EC: I always seemed to confuse John Broome with Gardner Fox. Were the two men friends?
JDR: You are not the first to say that! They shared writing duties on a few characters with Green Lantern being perhaps the most obvious example. When trying to tell them apart, I’ve noticed Fox’s stories were more focused on the science fiction aspects, while Broome was better with characterization. Broome’s stories seemed to have a little more personality and humor in them. As far as a friendship, the signs to seem to indicate a yes. Broome even named two characters after Fox: Atomic Knight/Gardner Grayle and Green Lantern/Guy Gardner!
EC: Your blog, Jennifer’s Comic Blog, is pretty cool. I recently read your entry on Gardner Fox’s pulp stories. What kind of things do you like to write about?
JDR: Thank you very much. It is something I never seem to have time to fully dedicate myself to, but it is fun to sometimes take on smaller writing projects that are a little more personal. I tend to like writing about things that are culturally informed and serve some kind of purpose. You might say I have that in common with Fox. If I am going to put something out into the world, I want it to have a positive impact on the people who read it. I want to encourage people to think about the world we live in and how we all fit within it.
EC: What’s your favorite Gardner Fox comic and why?
JDR: That is a hard one for me, but “The Flash of Two Worlds” from The Flash #123 is definitely a contender for top positioning. I have found that the reasons why a particular Gardner Fox written story is my favorite has changed now that I have so much context for everything. For example, I love the story about how “The Flash of Two Worlds” came about. And I love the way that Gardner Fox saw it as nothing more than using an old science fiction device when we now look back at the story and see the introduction of Earth-Two as this huge moment in comic book history. I also love the characterization at work. Barry Allen ends up in the situation because he was helping his girlfriend and entertaining some kids! And it is sweet to see Jay Garrick retired and happily married to Joan Williams. The way that the two speedsters interact is charming too. Who doesn’t love seeing Barry Allen so excited to be on a case with his childhood hero? Of course, it is also an exciting thing for me every time Gardner Fox writes himself into the story too.
EC: And the follow-up question for an expert like you, what’s your favorite obscure Gardner Fox story (or character) and why?

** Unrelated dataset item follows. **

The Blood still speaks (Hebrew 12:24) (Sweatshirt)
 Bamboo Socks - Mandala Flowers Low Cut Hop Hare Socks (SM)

JDR: The Zatara tale in Action Comics #46. First of all, I love Zatara. The way that the crazy things Fox comes up with for his Zatara stories are often treated so nonchalantly just kills me and this is a perfect example. It is non-canonical, but it was also Hitler’s first appearance in a DC comic. The story kicks off with a mention of a war covering three quarters of the globe and then asks, “What can one man do?” Well, if that man is Zatara, quite a bit! I like that it literally gives voice to the children who might be reading comics and thinking about the ways the superheroes therein could help in the war effort. The story culminates with Zatara bursting through a wall and turning Hitler’s furniture against him… that’s right. Not only is this a story does Zatara convinces Hitler to renounce his position in Germany and go into self-exile, this is a story where we get to see a step stool spank Hitler.
How can you top that?!?
EC: Wow! I sure can’t top that one, Jennifer. Thanks so much for your time and insights.